A: No. Section 24 is a UK rule that limits mortgage interest to a 20% basic rate tax credit on the UK self-assessment. Schedule E allows the full mortgage interest to be deducted against the rental income. The two returns use different rules and produce different taxable rental profit figures for the same property.
Q: Must I claim depreciation on a UK rental property for US tax purposes?
A: Yes. US law requires residential rental properties to be depreciated over 27.5 years on Schedule E. The building element of the dollar cost basis is depreciated annually. Unclaimed depreciation still reduces the cost basis — increasing the eventual gain on disposal — so it should always be claimed during the letting period.
Q: What is the Non-Resident Landlord Scheme?
A: UK landlords who live outside the UK must apply to HMRC to receive rent without basic rate income tax deducted at source. Without NRL approval, the letting agent or tenant deducts 20% tax before paying the rent. NRL approval is obtained by demonstrating to HMRC that UK tax affairs are up to date.
Q: Is the UK income tax on rental profit creditable on the US return?
A: Yes. UK income tax on UK rental profit is a creditable foreign income tax on Form 1116 passive basket, reducing the US income tax on the Schedule E rental profit. Where the UK rate exceeds the US rate, excess passive basket credits carry forward for up to ten years. The credit uses the confirmed UK tax from the completed self-assessment.

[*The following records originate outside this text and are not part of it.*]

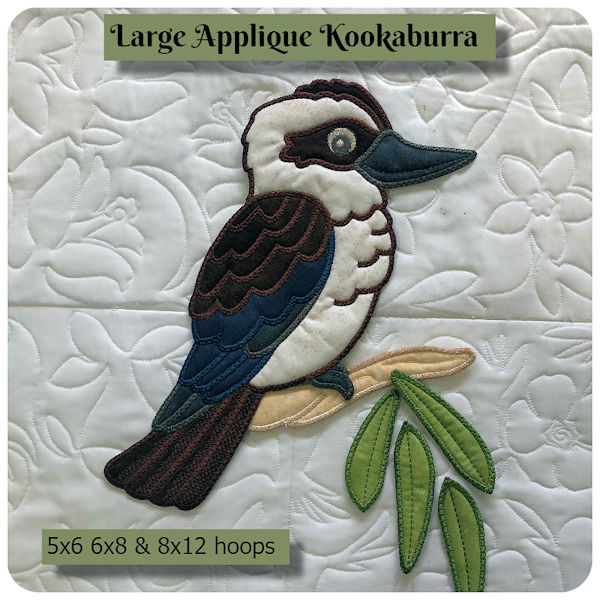 Large Applique Kookaburra by Kreative Kiwi - 600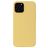 Mobigear Rubber Touch Coque iPhone 13 Mini Coque arrière en Silicone - Jaune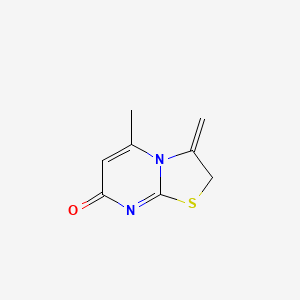 molecular formula C8H8N2OS B14244901 5-Methyl-3-methylidene-2,3-dihydro-7H-[1,3]thiazolo[3,2-a]pyrimidin-7-one CAS No. 206554-06-5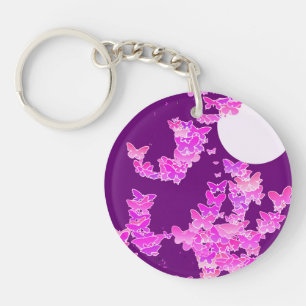 Paysage lunaire avec papillons - orchidée, améthys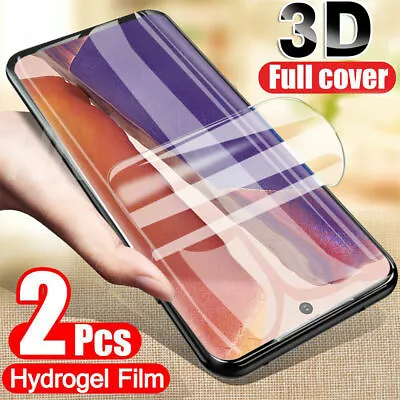 2x For Samsung Galaxy Note20 Ultra S20 5G S10 TPU Hydrogel Screen Protector Film • £2.92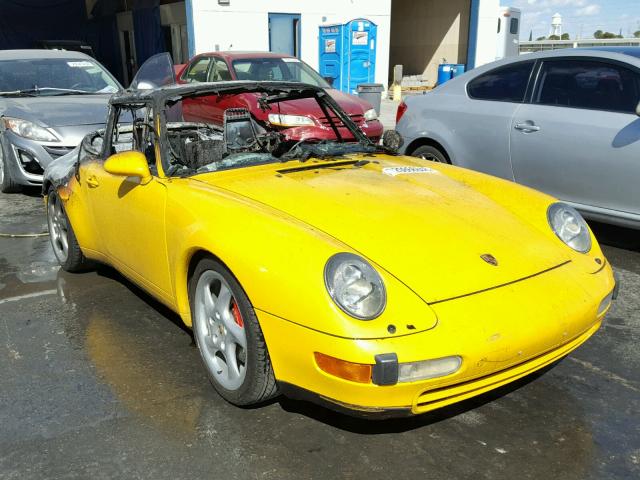 WP0CA2996TS340947 - 1996 PORSCHE 911 CARRER YELLOW photo 1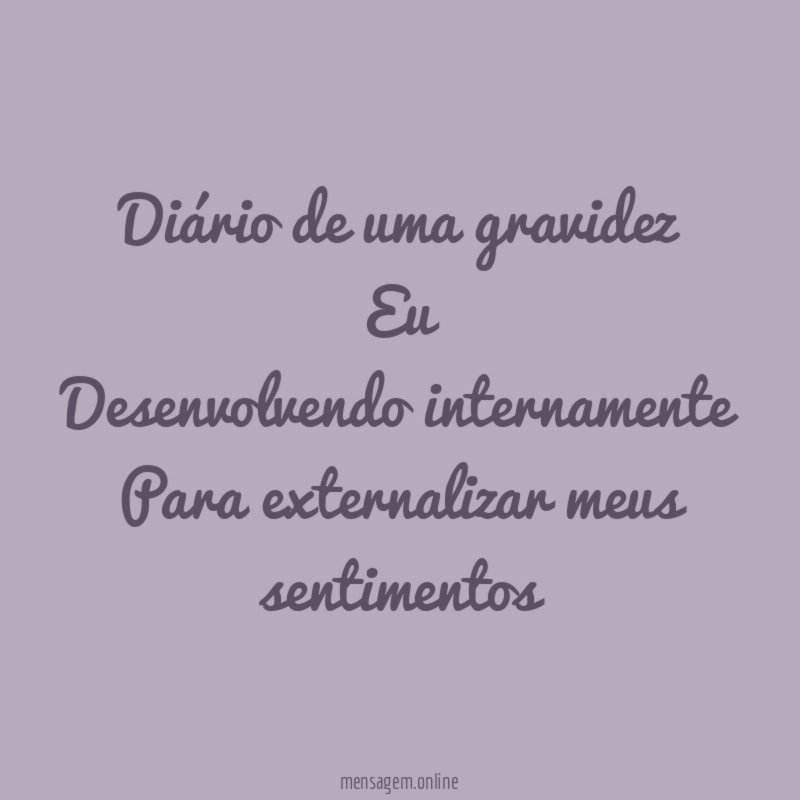 Diário de uma gravidez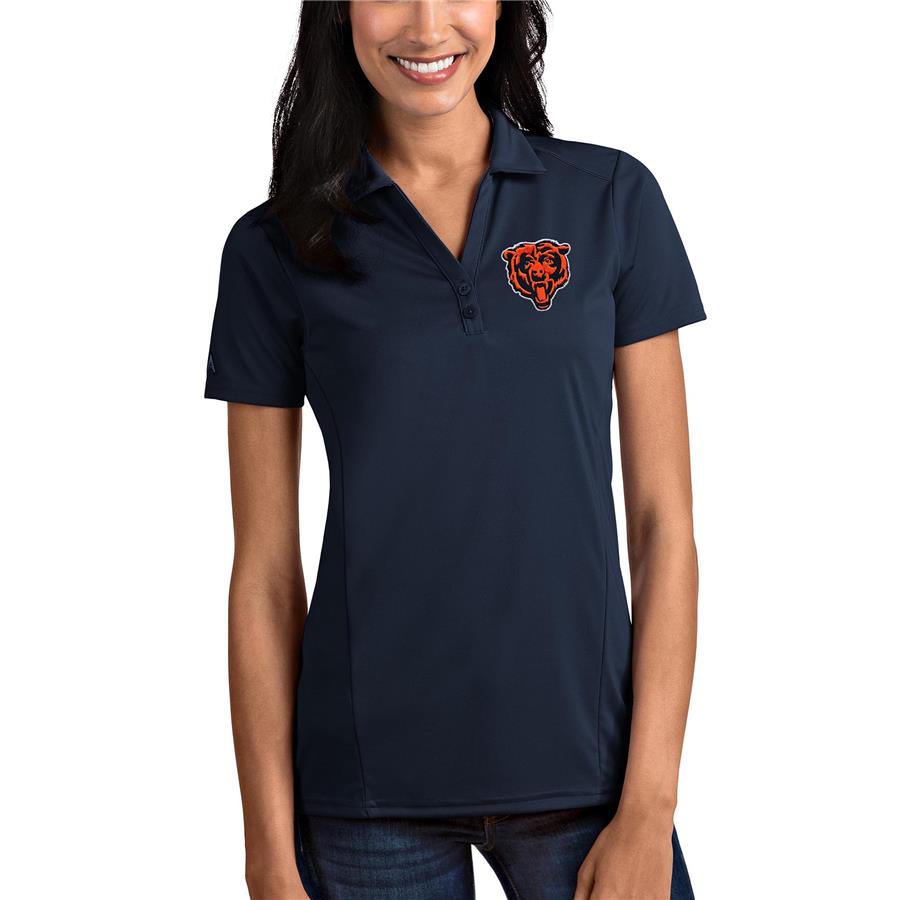 Chicago Bears Antigua Women's Bear Head Tribute Polo - Navy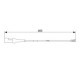 Senzor de avertizare uzura placute frana BOSCH pentru FORD TOURNEO CUSTOM V362, TRANSIT CUSTOM V362 2.0D/2.2D, lungime 465.0 mm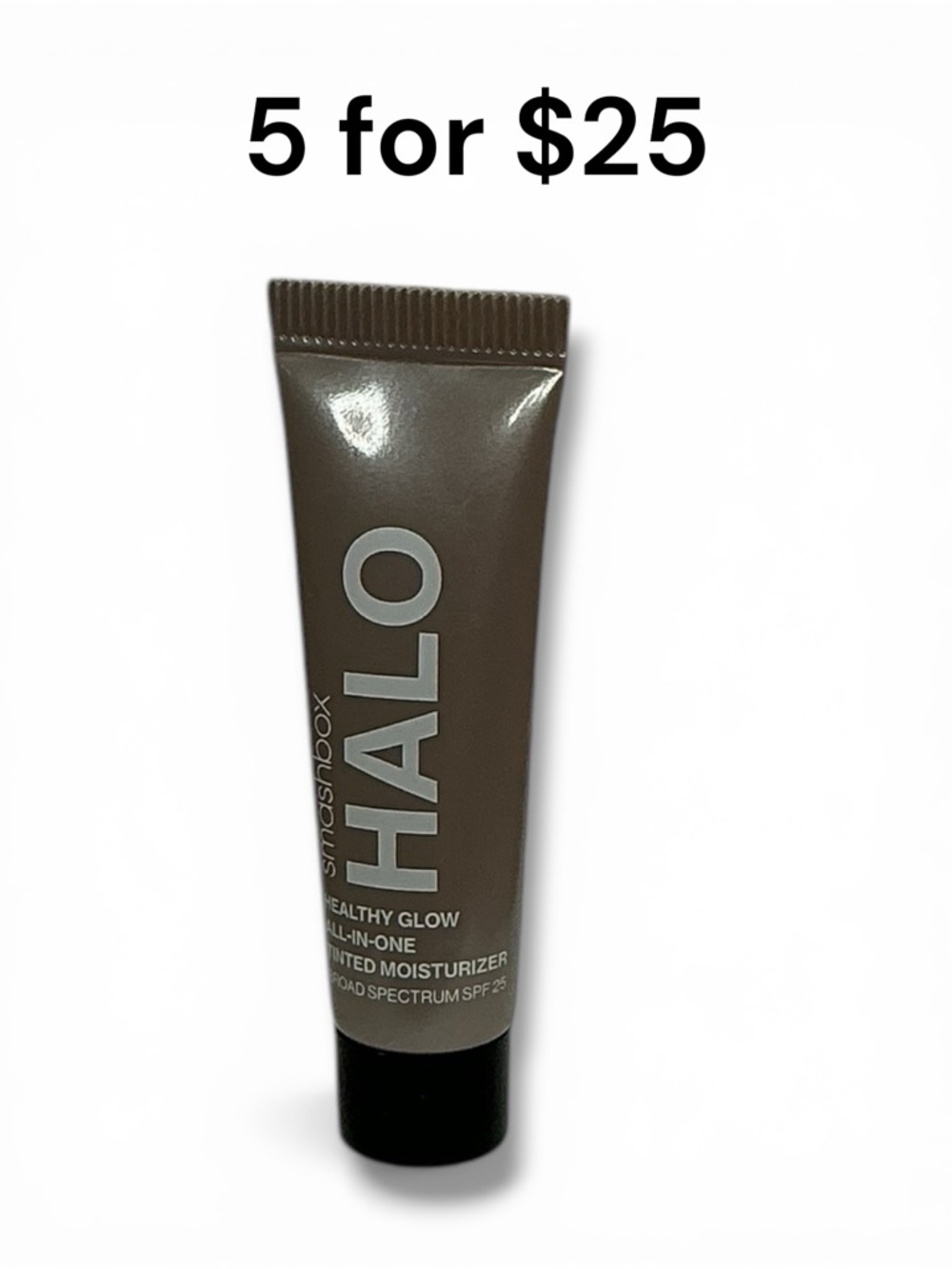 Halo Healthy Glow All-in-one Tinted
Moisturizer SPF25 Travel/Trial sz 7ml Tan-Dk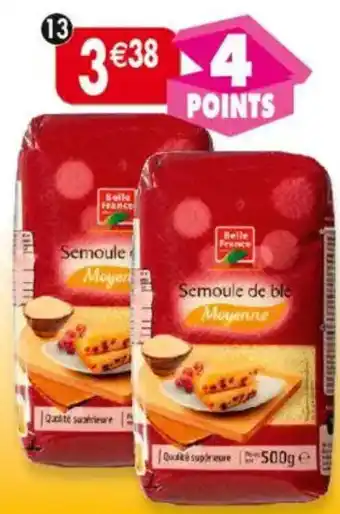 Maximo Lot de 2 paquets de semoule moyenne de blé dur Belle France offre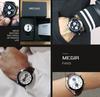 MEGIR Men Watches Original Fashion Leather Quartz Wristwatch Military Chronograph Big Dial Sports Clock Reloj Hombre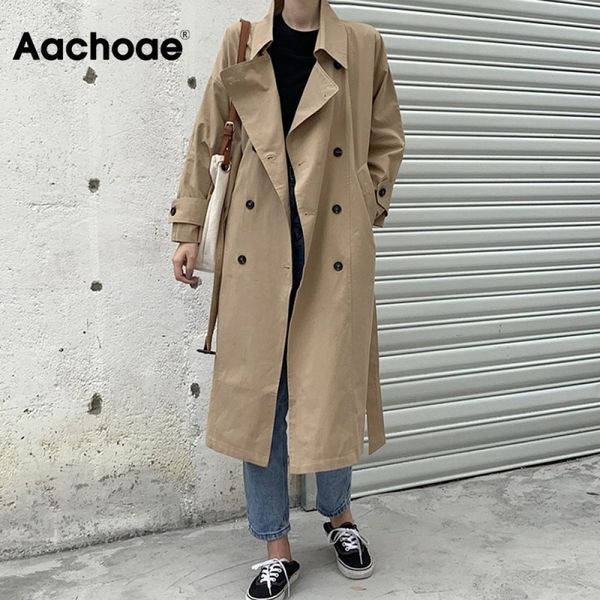 aachoae women solid long trench coat double breasted elegant office coat with belt batwing sleeve female casual jacket outerwear 210413, Tan;black
aachoae women solid long trench coat double breasted elegant office coat with belt batwing sleeve female casual jacket outerwear 210413, Tan;black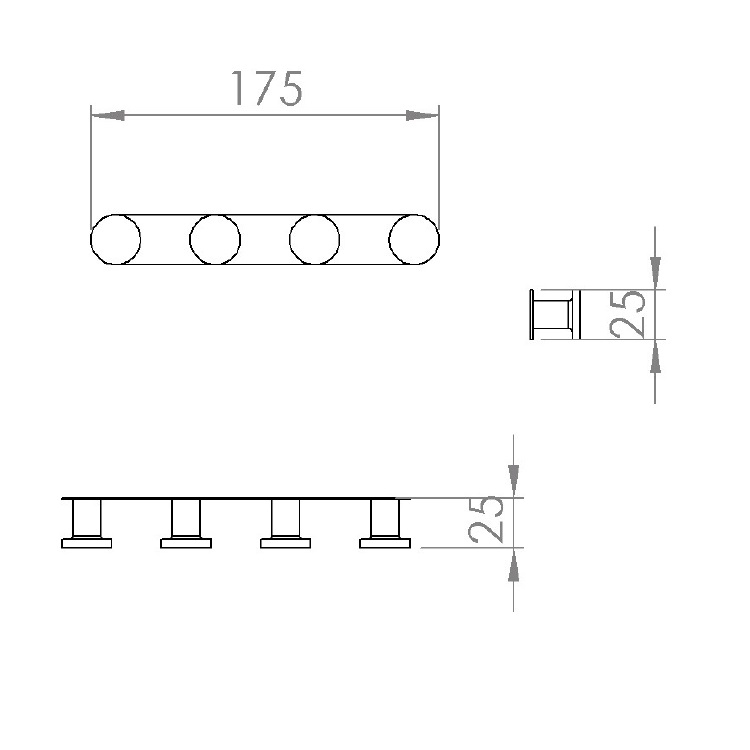 Capannoli "Pratica" PR109/4-33 Clothes Hook *Display Item*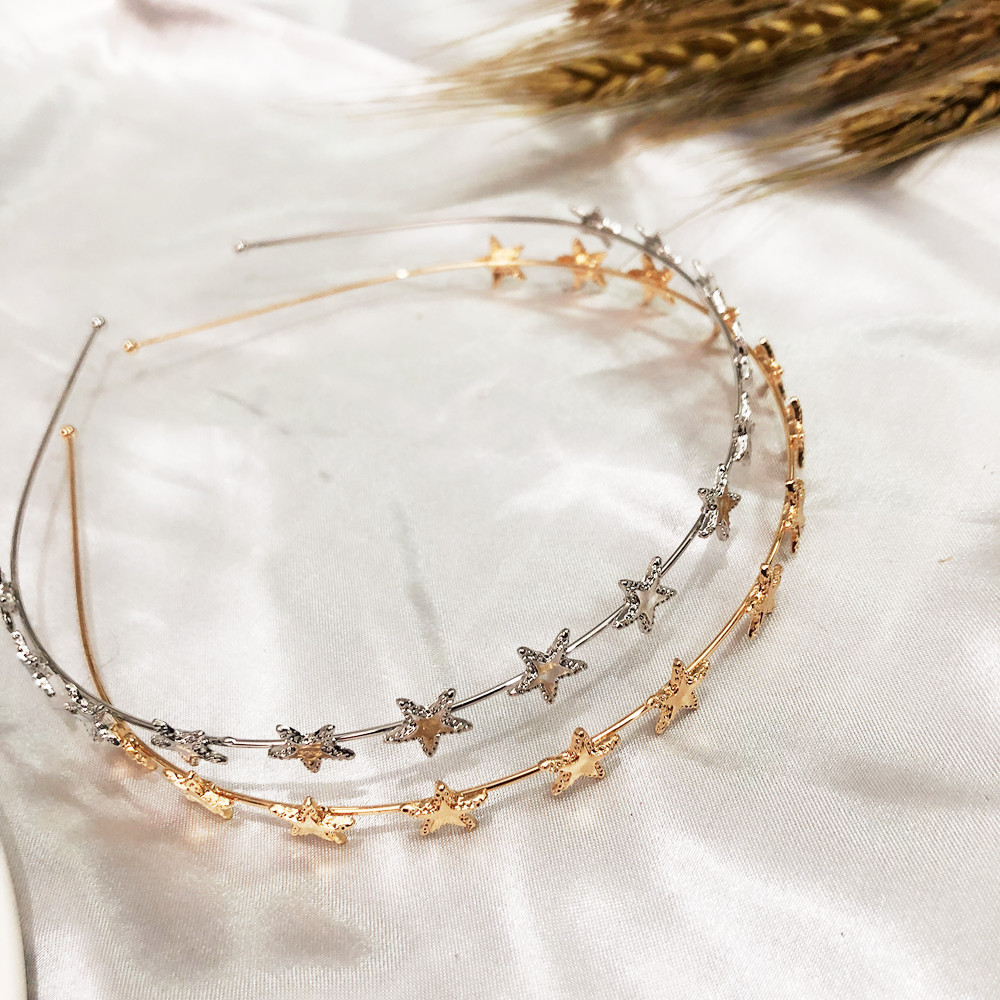 1 Piece Quantity Fashion Women'S Star Alloy Metal Jewelry Headband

Q: What happens to depreciation when the UK rental property is sold?
A: All cumulative Schedule E depreciation claimed during the letting period must be recaptured on disposal — reducing the dollar cost basis and increasing the taxable gain. Recaptured depreciation is taxed as ordinary income at the marginal US rate — not at the preferential capital gains rate. The annual depreciation schedule must be tracked from year one of letting.